As an exercise in exact copying, transcribe the lines below from the one holding "1507 Chadmore Ln NW, Concord, NC 28027" through the last, with both ends included and pictures left out.

+++ Material provided +++

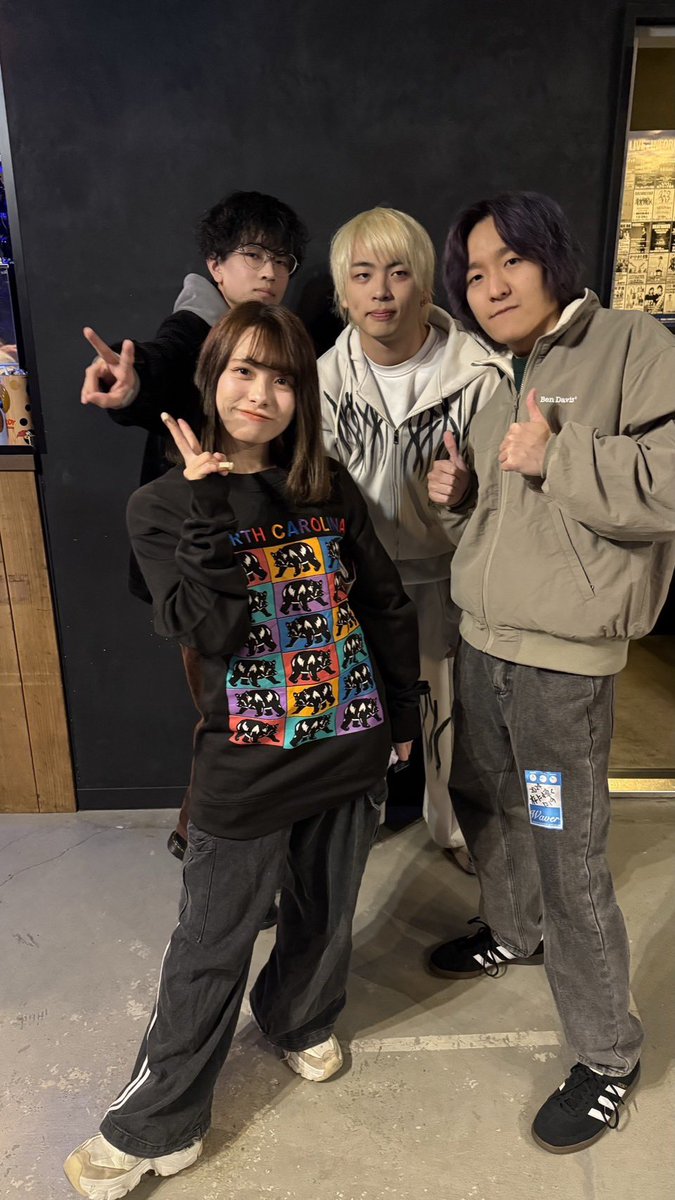 12月19日(木)
『JuicyBox』 @下北沢WAVER
ありがとうございました！！

年内最後のLIVEでございました！
久々の曲もありましたがいかがでしたか？
また来年のLIVEでお会いしましょう！

~Set List~

1. 黒珈琲
2. PAPAIYA
3. 鳴く
4. Relief
5. 僕らはこのままじゃ死ねない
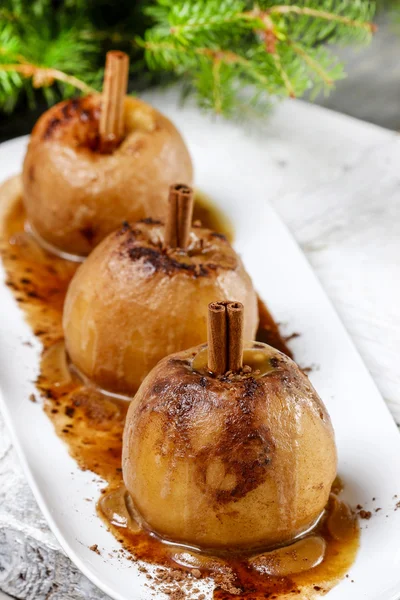 Caramel apples in christmas setting — Stock Photo, Image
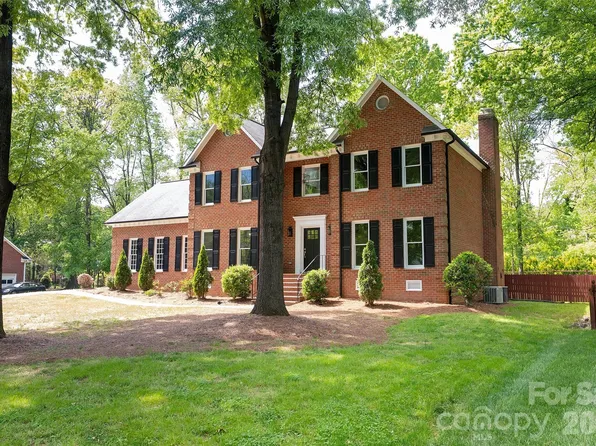 1507 Chadmore Ln NW, Concord, NC 28027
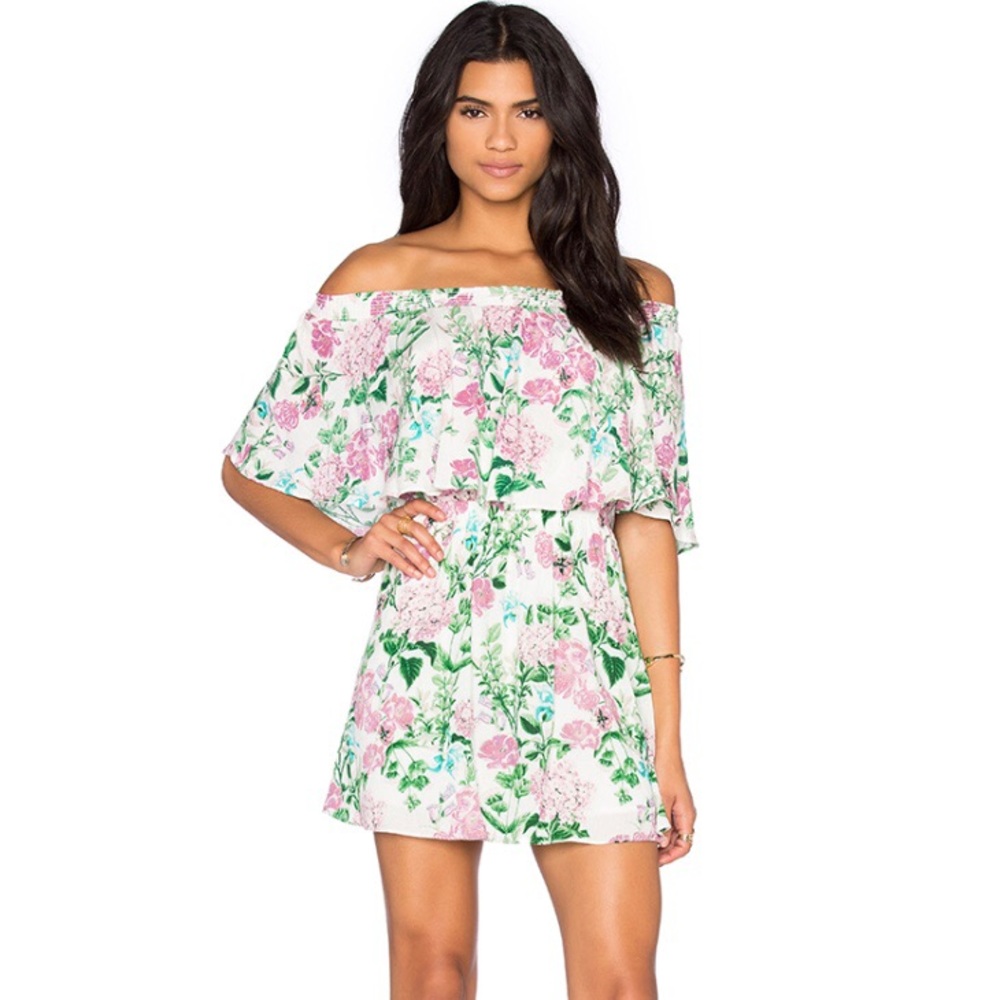 Showmeyourmumu  Sexy off the shoulder dress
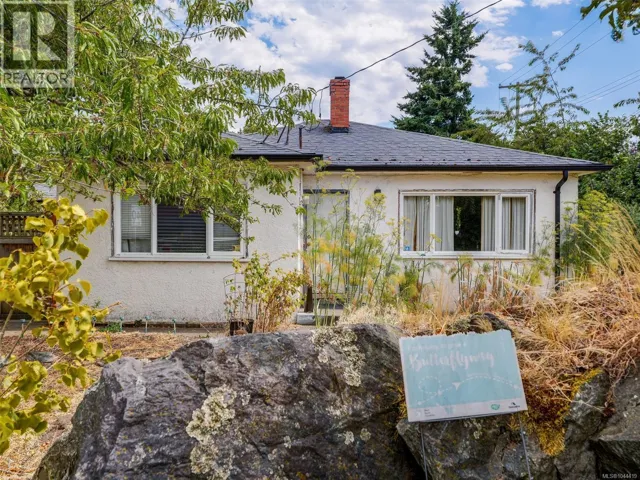 2607 Shelbourne St, Victoria, British Columbia V8R2Z2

+++

§ **Your solution**:
 1507 Chadmore Ln NW, Concord, NC 28027
 Showmeyourmumu  Sexy off the shoulder dress
 2607 Shelbourne St, Victoria, British Columbia V8R2Z2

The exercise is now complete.